Meu Deus,
como é que há pessoas que aplaudem "isto", adoram ver
"isto", patrocinam "isto" e chamam "a isto"
cultura?
António Pina, o nosso saudoso António
Pina, de uma sensibilidade incrível e humanidade também, dizia, respondendo a um dos leitores de uma sua a sua crónica :
A propósito da anterior crónica
(sobre as inclinações "culturais" da Câmara de Vinhais, que decidiu
iniciar os seus munícipes nos prazeres "exquis" da brutalidade e
tortura pública de animais) escreve-me um leitor dizendo, em abono da tourada,
que Hemingway e Picasso gostavam do espectáculo. Não só eles, acrescento eu, e
de touradas e coisas piores...
Escritores e artistas raramente são
exemplos morais recomendáveis. Céline, escritor maior (mesmo não sendo a
literatura um campeonato) que Hemingway, partilhou com Hitler, além do desprezo
pelas mulheres, o gosto pela carnificina de judeus, e Picasso, juntamente com
as touradas, teve outra devoção não menos sangrenta, Estaline.
A História está cheia de obras
sensíveis e generosas, às vezes de grande riqueza moral, realizadas por gente
feia, porca, má ou nem por isso. E se o desprezível dr.
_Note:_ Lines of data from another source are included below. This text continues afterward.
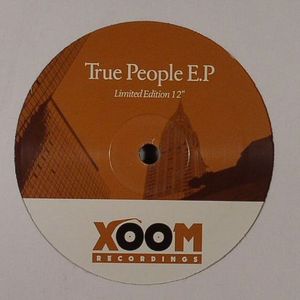 True People EP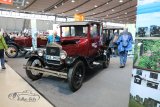 Retro Classic Stuttgart 2026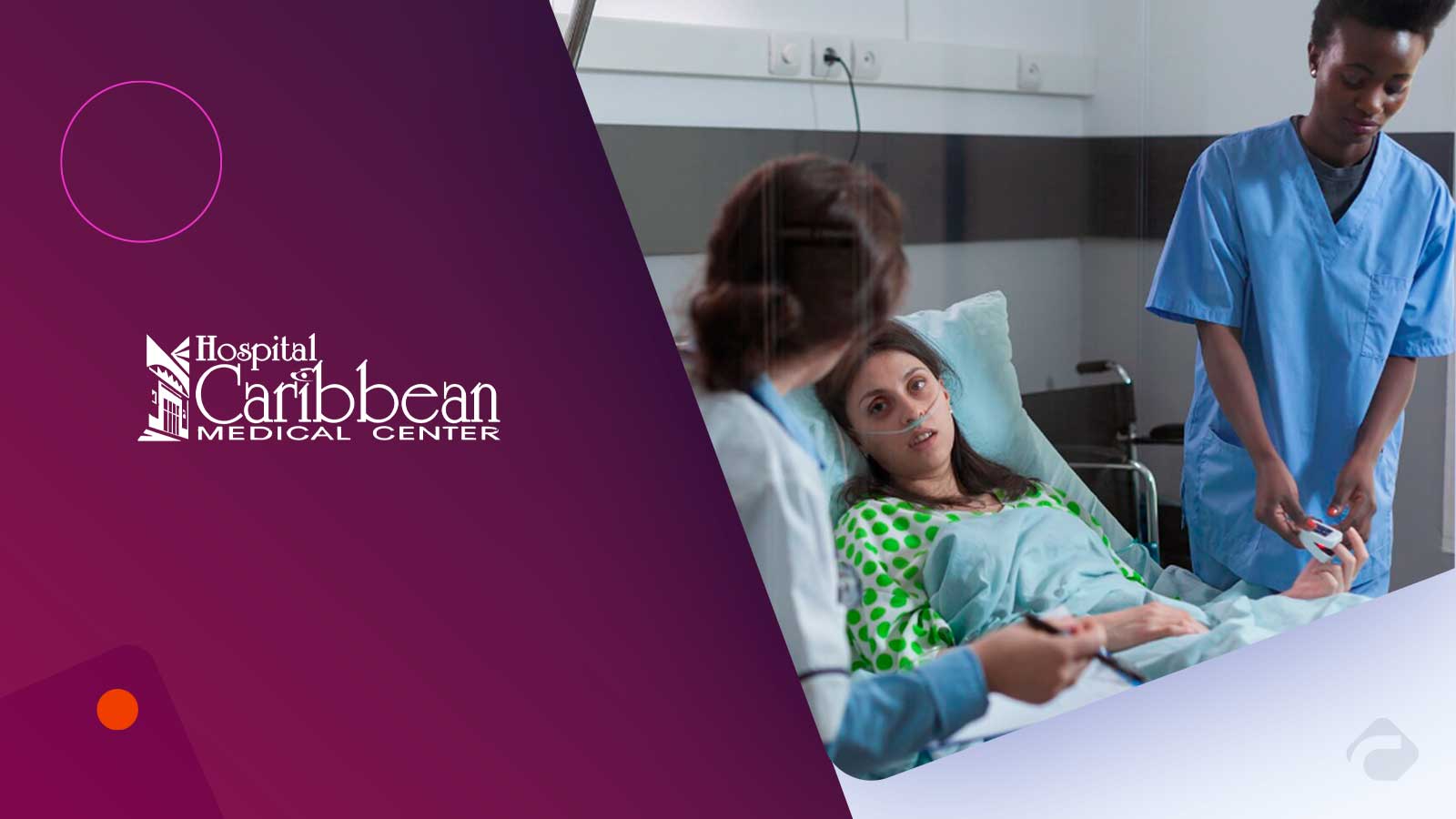 Ransomware Attack Hits Caribbean Medical Center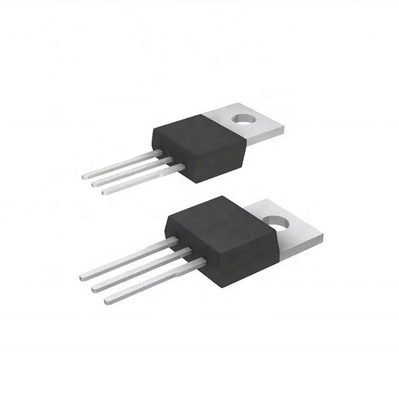 SMD SMT Discrete Semiconductor Devices Ic Component TIC206M OPT3004DNPR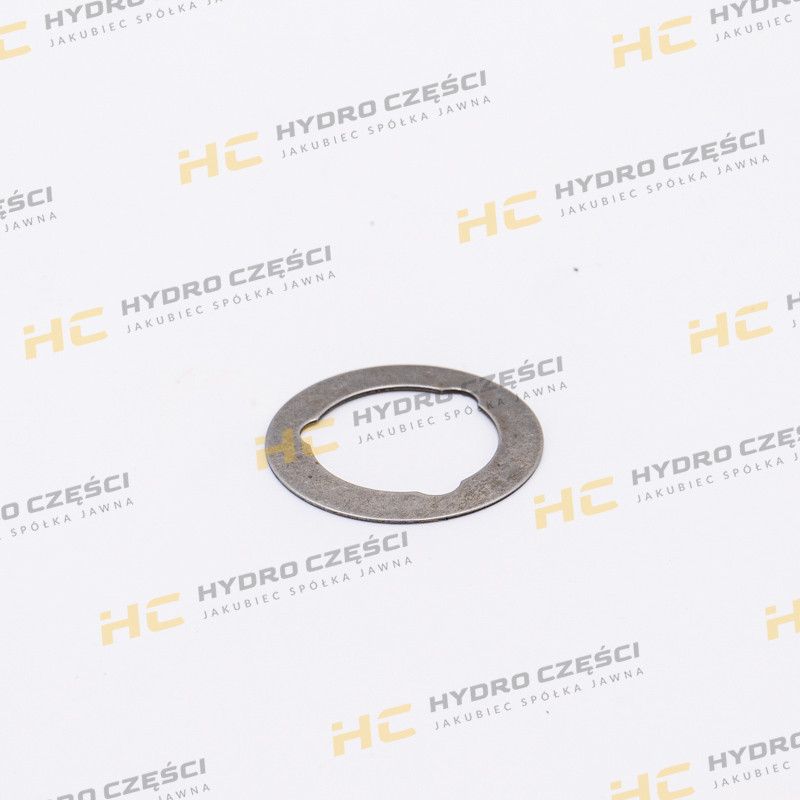 JCB Transmission spacer - ORIGINAL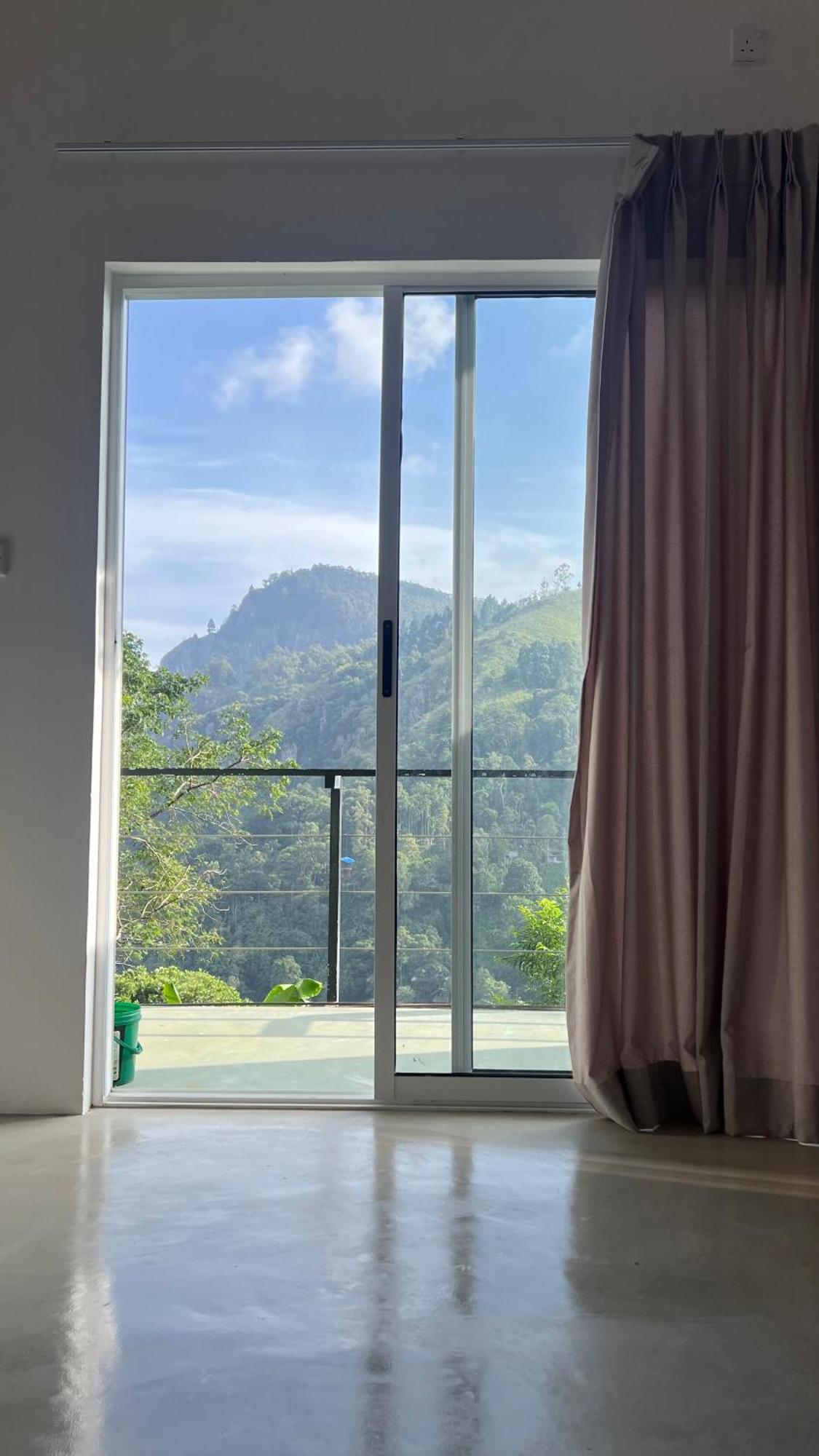 Gaia Ella Ecolodge And Yoga Centre المظهر الخارجي الصورة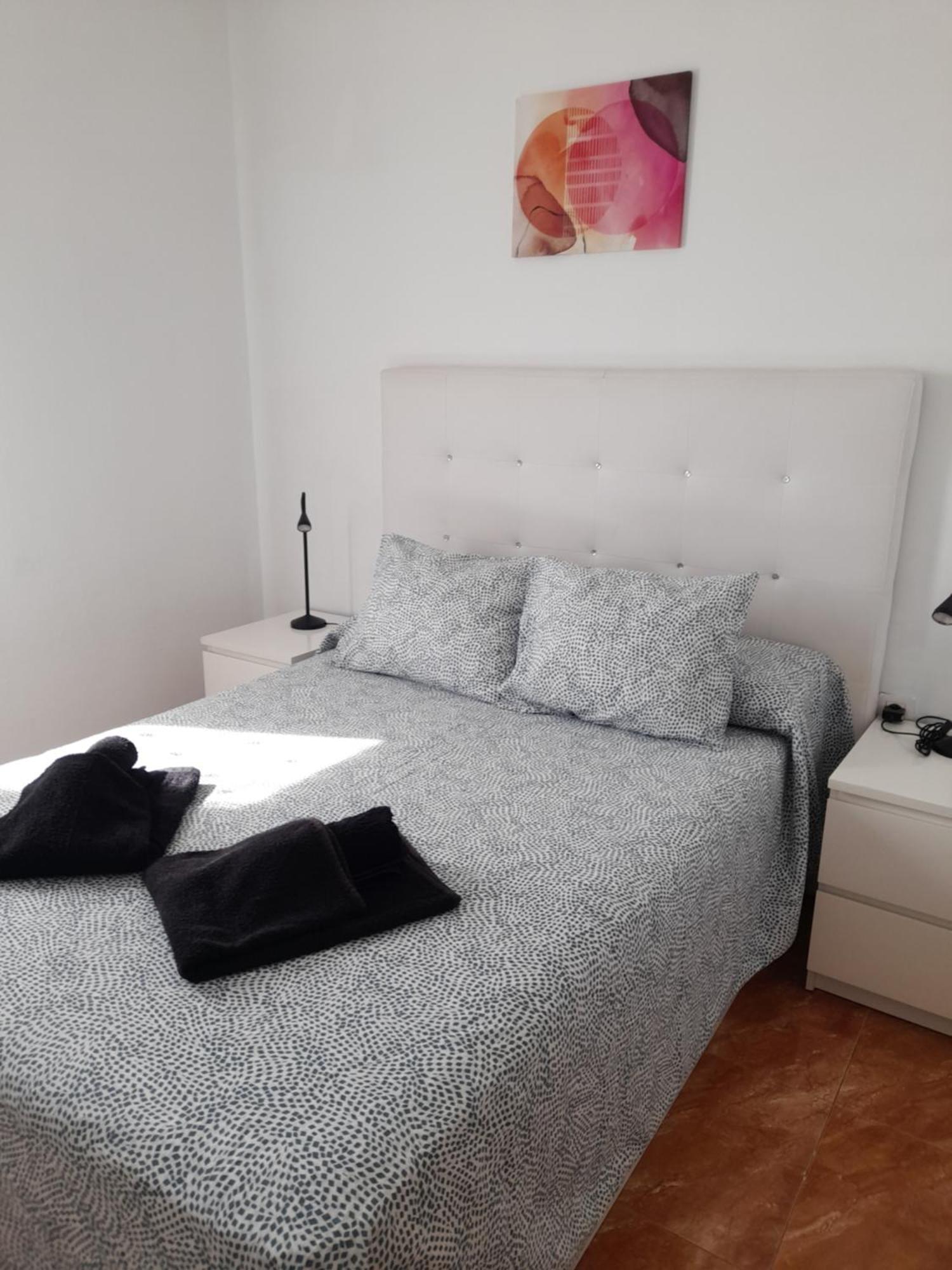 Apartamento Maktub Puerto del Carmen  Exterior photo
Destouches, dito
Céline, escreveu a admirável "Viagem ao fim da noite" mas também
obras imundas e carregadas de ódio, em outras é difícil encontrar traço do ser
humano existente por trás delas (quem dirá que por trás da belíssima Catedral
de Brasília está um devoto, também ele, de Estaline?)
Não é por Hemingway e Picasso se
terem divertido (terem sido capazes disso) com a agonia e morte de um animal
que a tourada deixa de ser um espectáculo eticamente condenável. O facto de
apreciarem touradas desabona a favor de um e outro, não abona a favor das
touradas.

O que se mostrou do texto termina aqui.